* What is required: Lines from the one holding "Mobile bagno 40x86" through the end of the entries, inclusive, form the whole output; reproduce them exactly and omit pictures.

* Scraped caption text data:
● ● ● ● ● ● ●

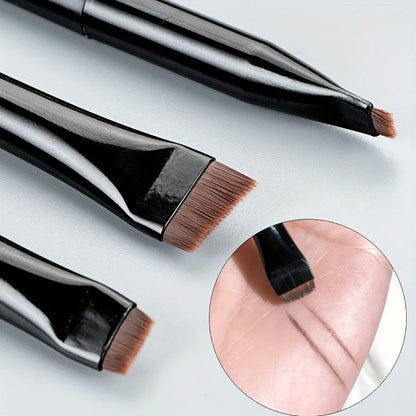 3pcs Makeup Brush Set, Blade Eyeliner Brush Fine Oblique Head Eyebrow Brush Outline Eyeliner Ultra-Thin Eye Shadow Brush Make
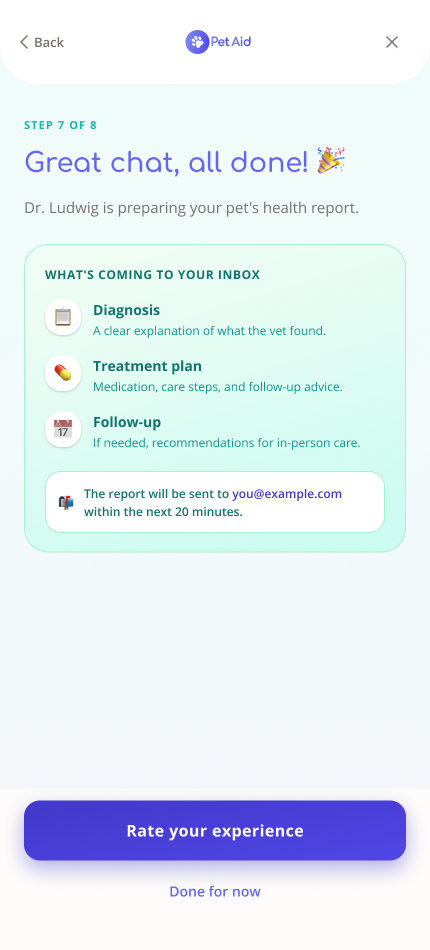 PetAid mobile consultation flow, screen 7 of 8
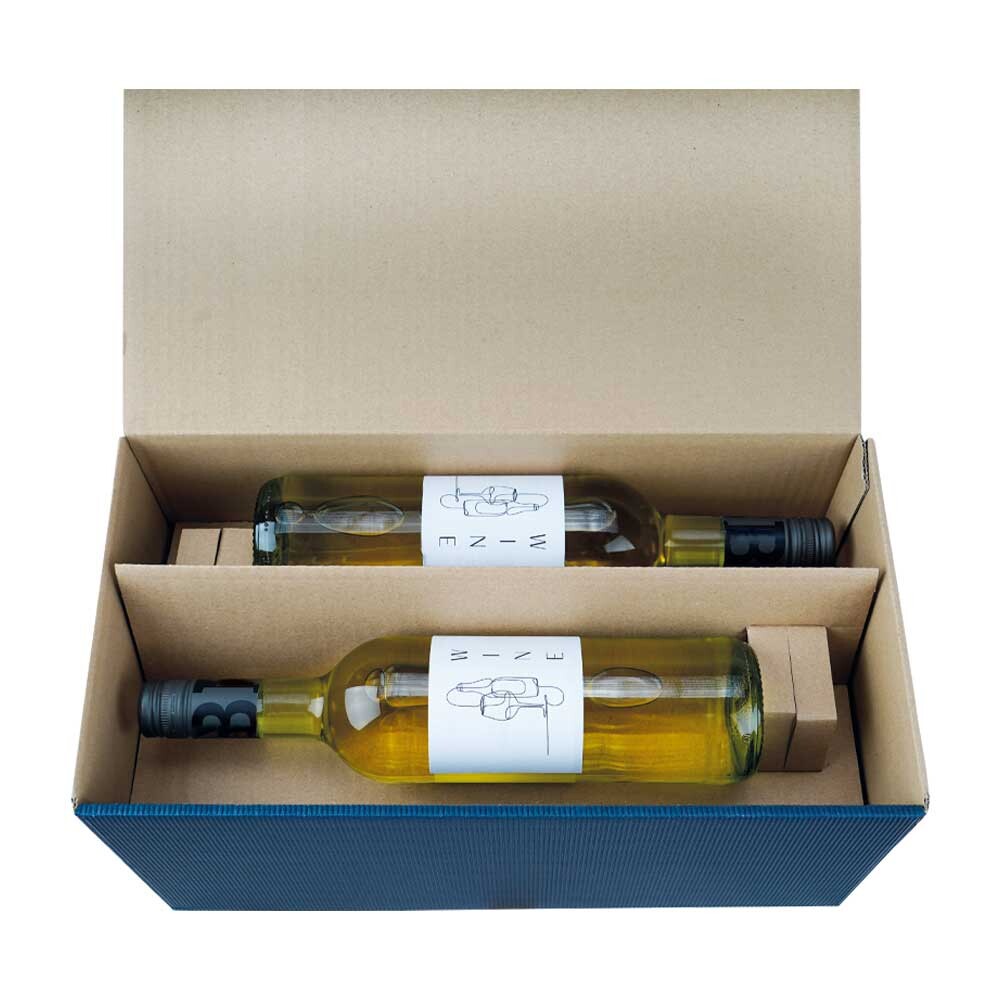 Weinkarton und Präsentkarton offene Feinwelle 4er dunkelblau Weinkarton und Präsentkarton offene Feinwelle 4er dunkelblau
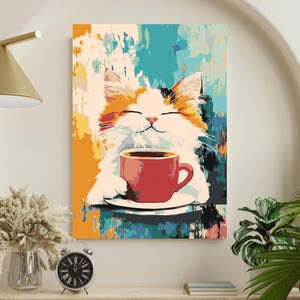 Cute Cat - Premium Paint by Numbers Kit  | Canvas on Wooden Frame | DIY Painting Kit for Adults | Gift for Her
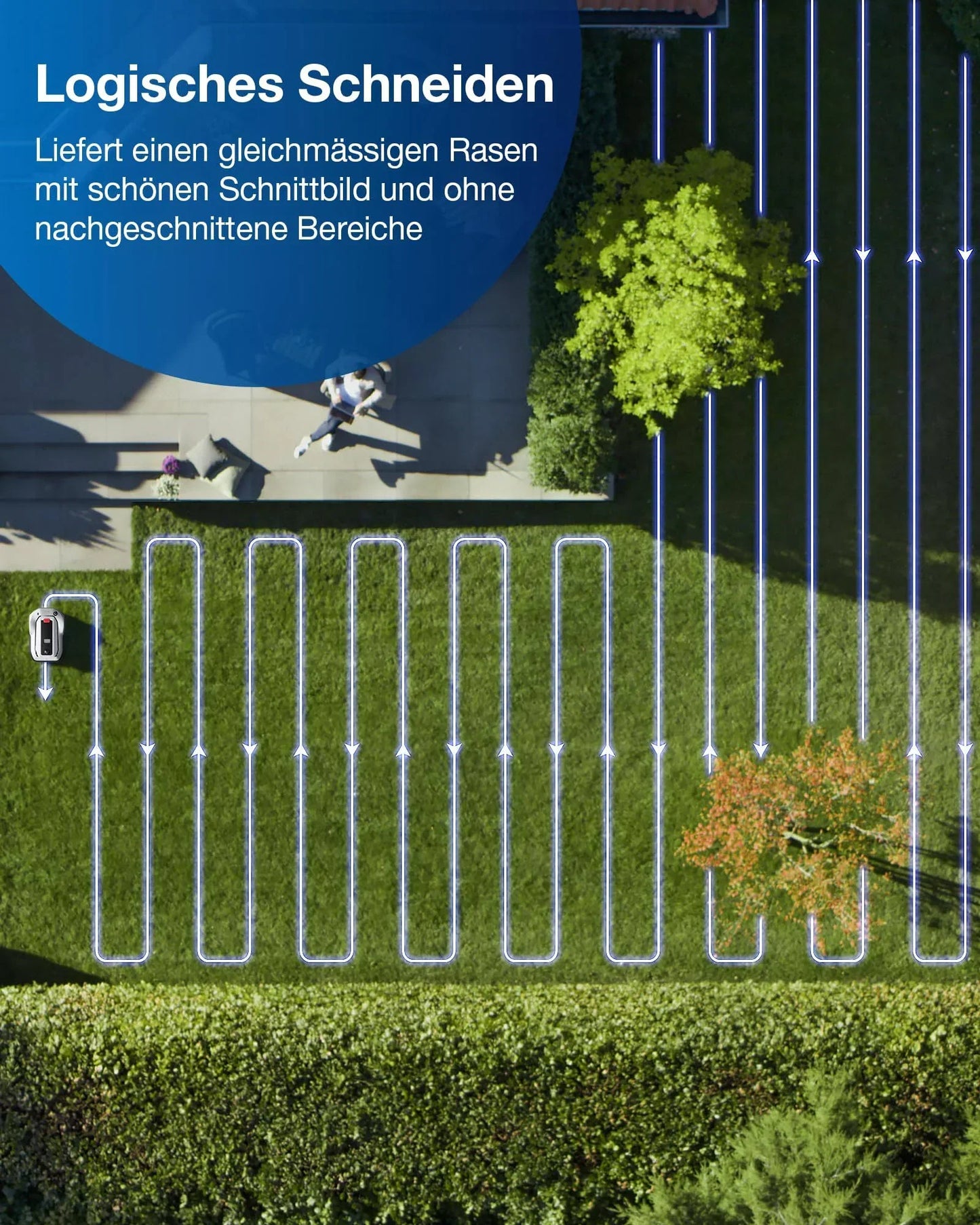 Ecovacs Goat G1-2000 Mähroboter mit Robuster Garage & Auto-Verbindung-Modul, ohne Begrenzungskabel für Gärten bis zu 2,000m2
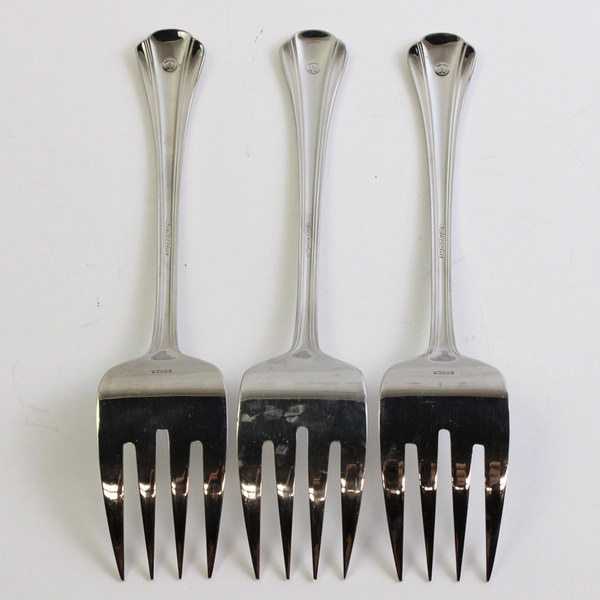 Lot of 3 Pfaltzgraff Margate (Stainless) Flatware Cold Meat Fork Large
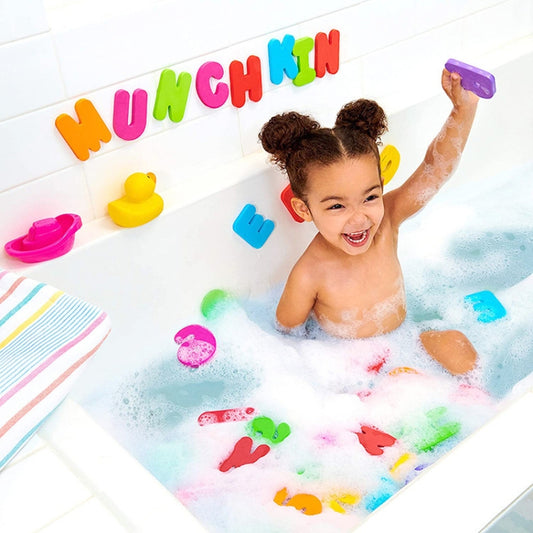 36pcs/Set Alphanumeric Letter Puzzle Baby Bath Toys Soft EVA Kids Baby Water Toys for Bathroom Early Educational Suction Up Toy, Baby Water Toys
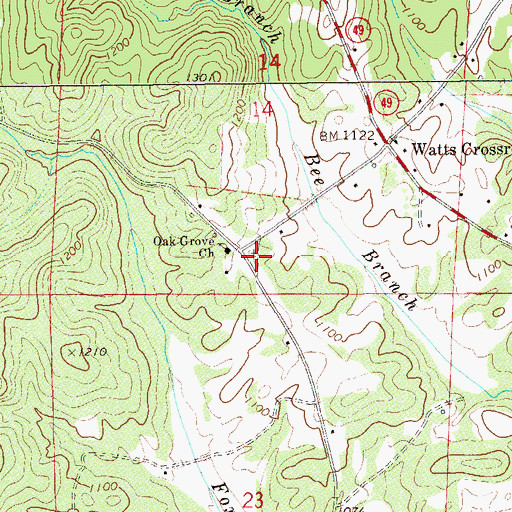 Topographic Map of Oak Grove Cemetery, AL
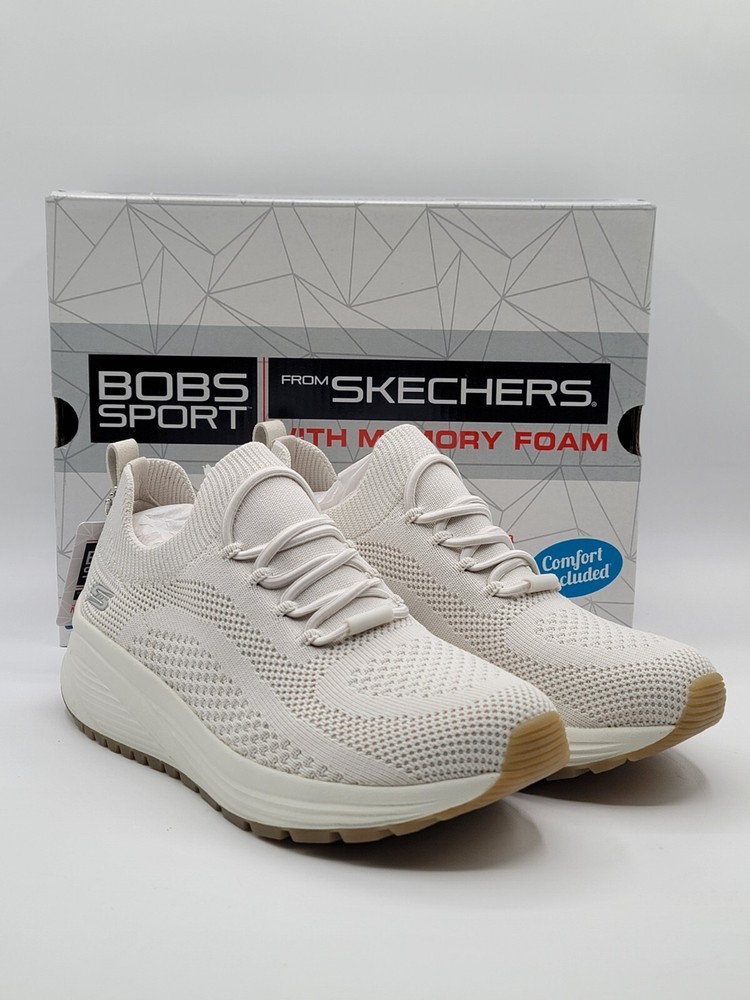 Skechers Womens Bobs Sparrow 2.0Allegiance Crew Off White Walking Shoes Size 6.5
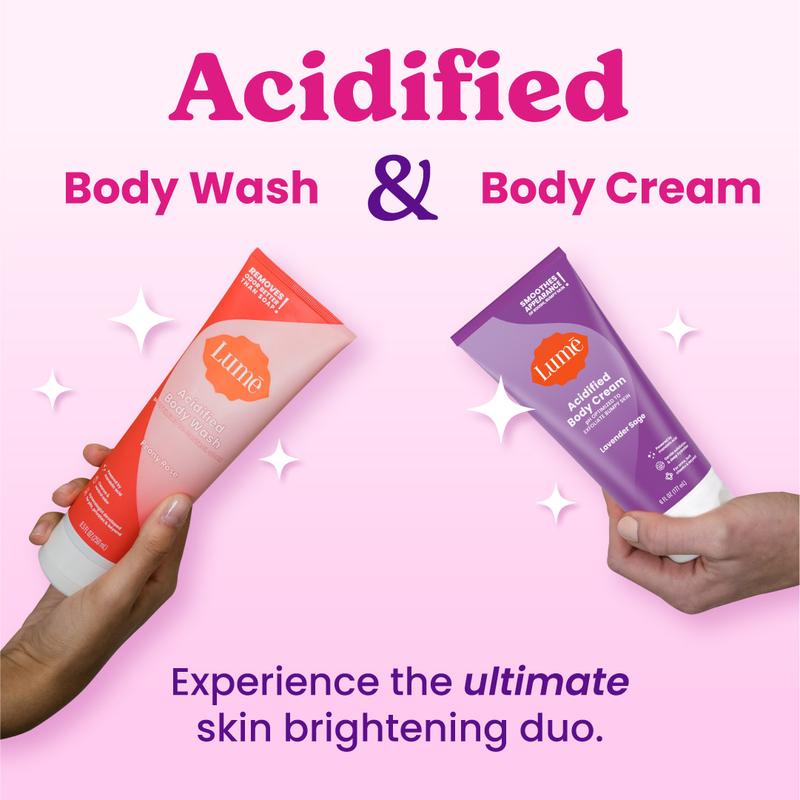 Skin Brightening Duo: Lume Acidified Body Cream and Acidified Body Wash or Cleansing Bar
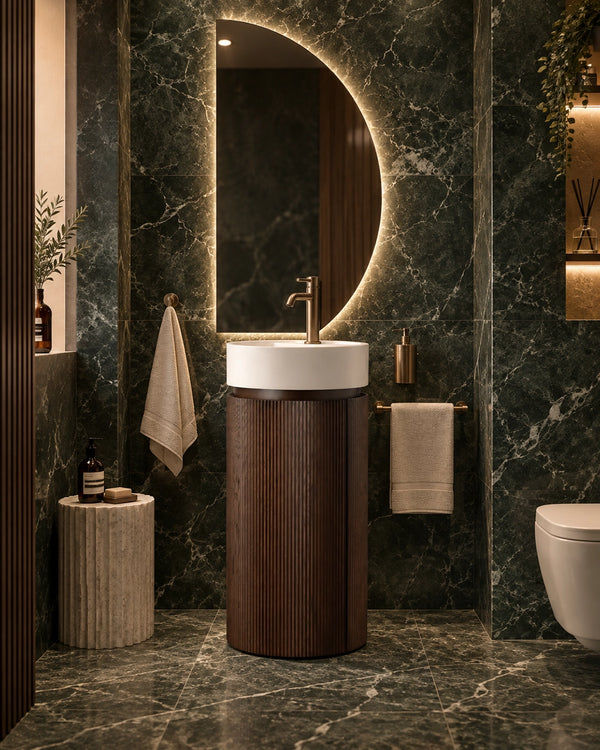 Mobile bagno 40x86 freestanding Toledo cannettato noce e lavabo opaco con foro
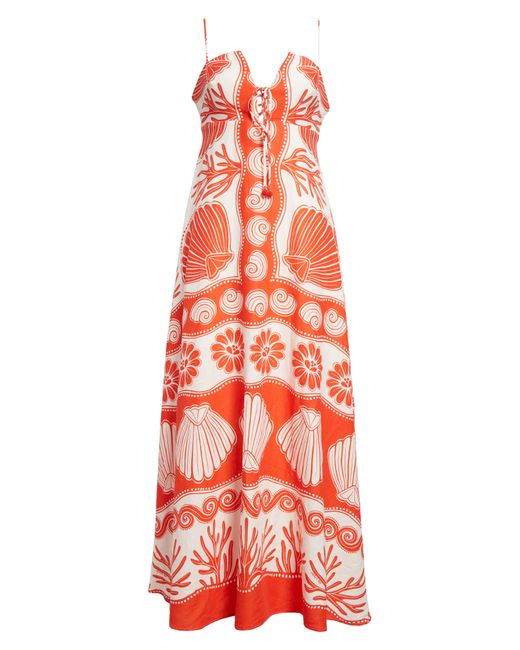Farm Rio Red Ainika Shell Print Linen Blend Maxi Dress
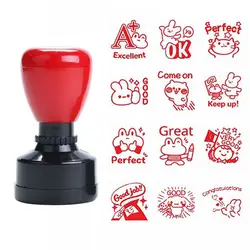 Durable Praises Emoticons Teacher Encourage Stamp Scrapbooking Seal Teacher Supplies Comments Seal DIY Self-ink Stamps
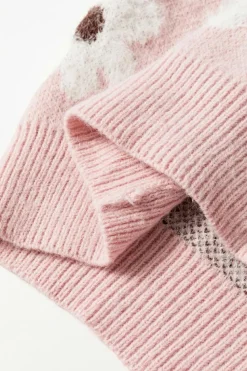 Best Dear-Lover Floral Pattern Half Zip Drop Shoulder Sweater Pink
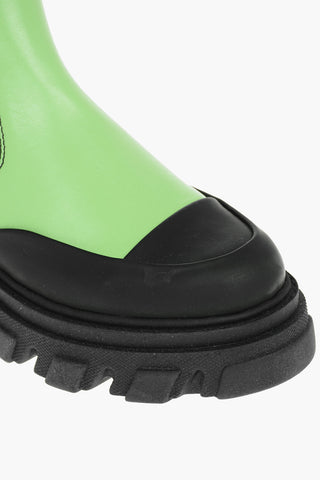 Leather Chelsea Booties with Chunky Cleated Soles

● ● ● ● ● ● ●

* Task response:
 Mobile bagno 40x86 freestanding Toledo cannettato noce e lavabo opaco con foro
Farm Rio Red Ainika Shell Print Linen Blend Maxi Dress
 Durable Praises Emoticons Teacher Encourage Stamp Scrapbooking Seal Teacher Supplies Comments Seal DIY Self-ink Stamps
 Best Dear-Lover Floral Pattern Half Zip Drop Shoulder Sweater Pink
 Leather Chelsea Booties with Chunky Cleated Soles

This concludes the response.